Why We Should Thank, Not Demonize LulzSec, Anon

So the 50-day cruise is over and the guys at LulzSec are going back underground. That should worry some of us because if they did not want us to know what they were doing, I don’t think any sane person would argue that they could not have done so.

While the media has been abuzz about the exploits of Anonymous and LulzSec, the bigger question we should be asking is, are any of their exploits new or did they just give us a wake up call that there is no security, at least in the way we normally define it. What they have demonstrated is that security is a term we use to make ourselves feel good.

A quick look at their “victims” shows that most of the organizations they targeted have tons of money to throw at security, and some are known vendors of security “solutions”. Whether it is RSA, CitiGroup, Bank of America, the CIA, the U.S. Senate, Fox News, Barracuda, Northrup Gruman, Lockheed Martin, Comodo, Yahoo! and countless others too “insignificant” to get on the front page like Distribute IT, the recent attacks clearly show that any one can be had.

It could have been worse and these attacks could have gone on quietly, as I am sure they have been for quite  a while. I strongly believe that what the LulzSEC and Anonymous groups exposed were events that happened regularly but were covered up by the affected organizations.

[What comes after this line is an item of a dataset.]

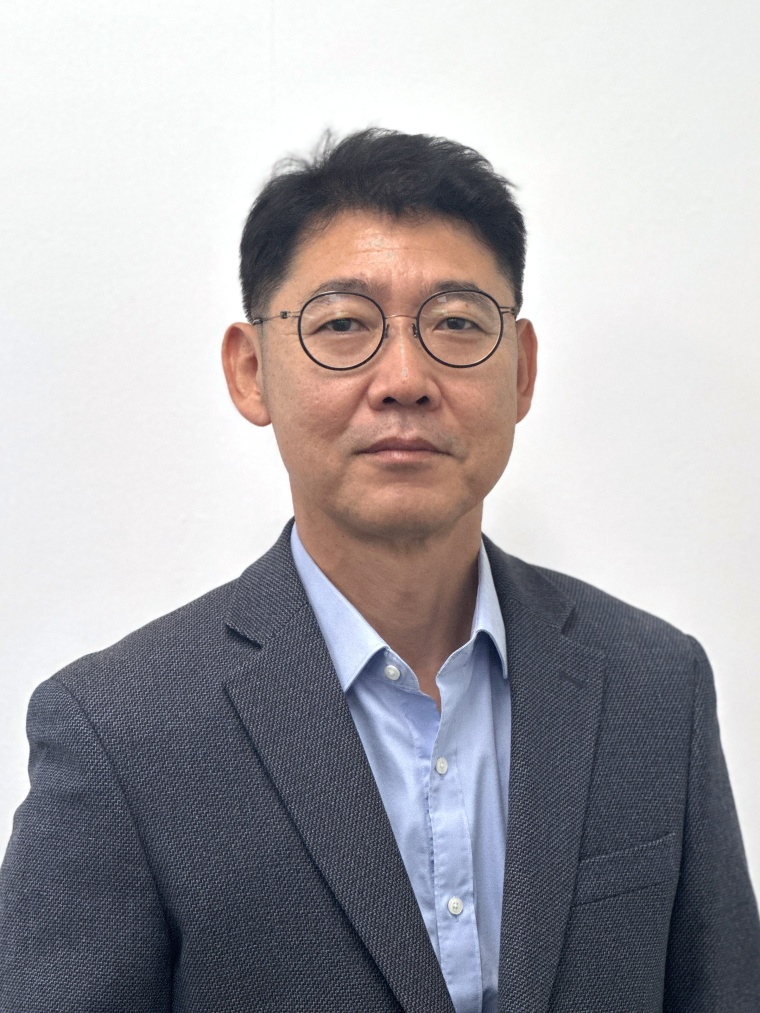 Jaeho Choi ist seit Oktober 2023 neuer Geschäftsführer bei Instrument Systems...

The effect of such cover-ups were a false sense of security on the part of the general populace and the tendency by most organizations to believe that just installing a security appliance was enough. It also gave vendors of security products license to continue milking millions of dollars from the government, consumers and businesses until the holes in their products were exposed.

Rather than demonize these groups, organizations and businesses should be thankful that someone has provided a yardstick by which you can hold your security vendors accountable. There is now a talking point of “how can you guarantee that what happened to Citi won’t happen to us and if it happens, can you fix it without billing us additional millions”.

Indeed, as the group wrote:

“Our planned 50 day cruise has expired, and we must now sail into the distance, leaving behind – we hope – inspiration, fear, denial, happiness, approval, disapproval, mockery, embarrassment, thoughtfulness, jealousy, hate, even love. If anything, we hope we had a microscopic impact on someone, somewhere.”

Their activities in the past few weeks, if anything has put a little pressure on IT professionals saddled with the task of protecting a network to get off the World of Warcraft and actually do some continuous monitoring and vulnerability scanning; it gives security professionals food for thought when they go on a risk assessment assignment because they will actually be forced to do a thorough assessment instead of check-boxing their way through. Chief Financial Officers (CFOs) should be thankful because now they have a reason to demand that the money budgeted for security is actually being spent on security and not on some cool gadget that is completely useless in protecting the organization from security breaches.

Finally, while there are ethical gaps in the way these groups did their “ethical hacking”, I hope it gives us reason to think twice before we put confidential information in insecure locations. But from the mostly negative and arguably silly comments you read on websites that report on the activities of these groups, a lot of people still do not seem to get it. There is a lot of focus on the “what” instead of the “why” and “how”. If the systems that were compromised were secure in the first place, could they have gained access? What does a hack teach the organization that was hacked? If these guys could get into our corporate systems and tell us, who else got in and did not tell us?